Authors: Julie Cheeseman, James Hoy, Emma Croft, Jonathan Tay, Evelyn Park and Ruby Simpson

On 12 September 2024, the Australian Government introduced the Privacy and Other Legislation Amendment Bill 2024 (Bill) to the House of Representatives containing the first tranche of long-awaited reforms to the Privacy Act 1988 (Cth) (Privacy Act).

Arriving almost one year after the Government published its Response to the Privacy Act Review (Response) and indicated that a generational overhaul of Australia’s Privacy Act was needed, the reforms contained in the Bill are far more limited in scope.

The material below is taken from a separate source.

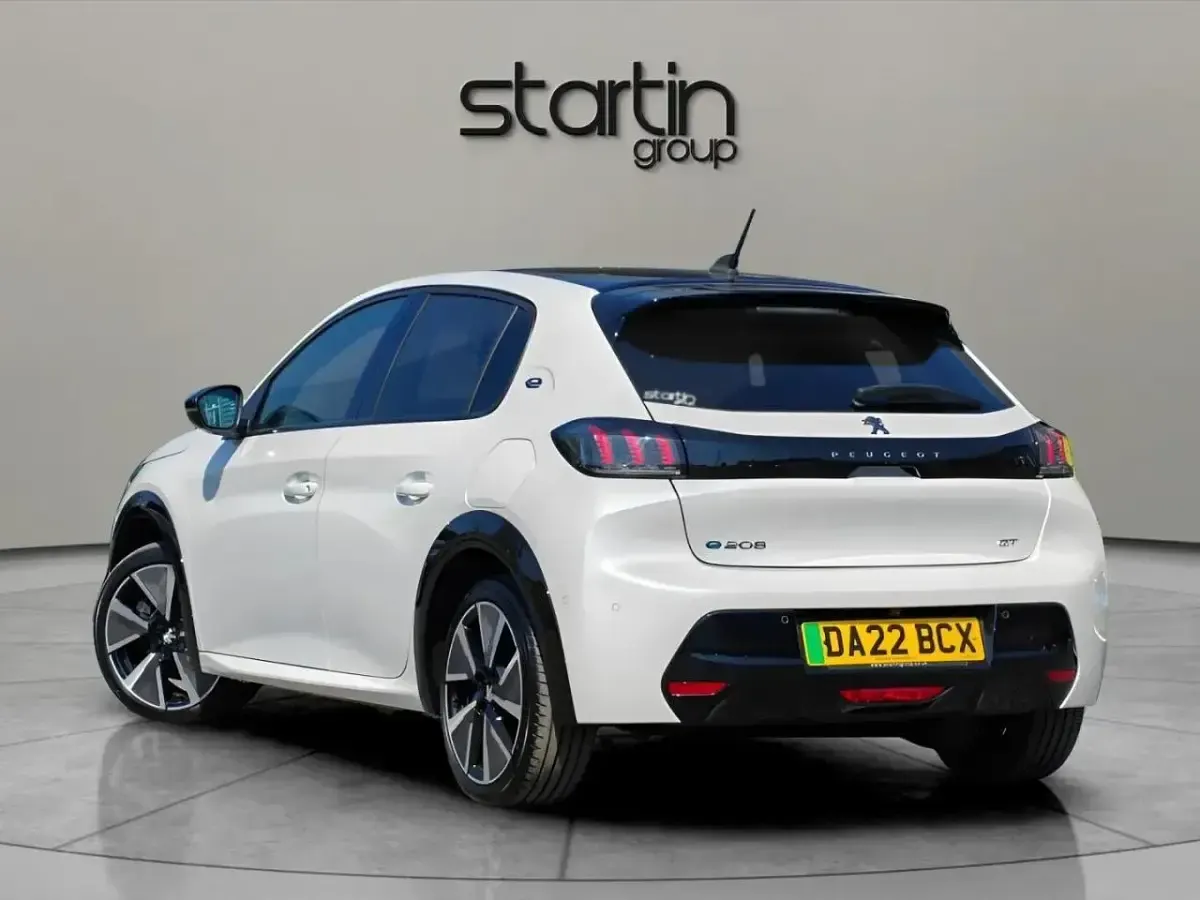 Used Peugeot e-208 GT 98 kW (134 HP) 2022 White Hatchback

The Bill focuses on three categories of amendments to Australia’s privacy, regulatory and criminal laws:

  1. measures to enhance the privacy of individuals, including by strengthening the Office of the Australian Information Commissioner’s (OAIC) enforcement toolkit, introducing new tiers of civil penalties, requiring the development and registration of a Children’s Online Privacy Code, and increased transparency requirements for automated decision making;
  2. the introduction of a new statutory cause of action for serious invasions of privacy; and
  3. the introduction of new offences to specifically criminalise ‘doxxing’.

Notably, the Bill does not include the most ambitious reforms which the Government had previously ‘agreed’ or ‘agreed in principle’ in its Response, such as the removal of the small business exemption, amendment of the definition of ‘personal information’ (PI), the introduction of the controller/processor distinction, the proposed requirement that the collection, use and disclosure of PI be fair and reasonable and new definitions for direct marketing, targeting and trading. Given that the Government plans to further consult regarding the next (and more ambitious) tranche of reforms, we are unlikely to see any further reforms arrive in Parliament until after the 2025 federal election.

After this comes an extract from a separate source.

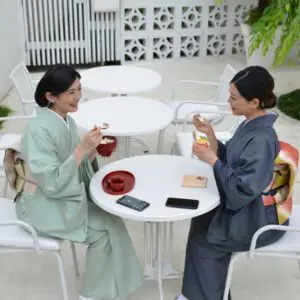 喫茶店で会話をする着物姿の女性二人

If the Bill is passed, it will nevertheless be a significant first step towards Australia’s privacy laws being made fit for purpose in the digital age.  Our more detailed comments on these three categories of reforms are below.

CATEGORY 1 - MEASURES TO ENHANCE THE PRIVACY OF INDIVIDUALS

The most significant category 1 amendments are new civil penalties and a stronger enforcement toolkit for the OAIC, a new Children’s Online Privacy Code, and increased transparency requirements for automated decision making.

Civil penalties and enforcement powers: Schedule 1 of the Bill amends Australia’s privacy laws to strengthen the enforcement powers of the OAIC and the Courts by providing the Commissioner and the judiciary with a broader range of enforcement options and new functions and capabilities to address actual or suspected privacy interferences (see Parts 8 - 11 and 13 - 14 of Schedule 1 of the Bill).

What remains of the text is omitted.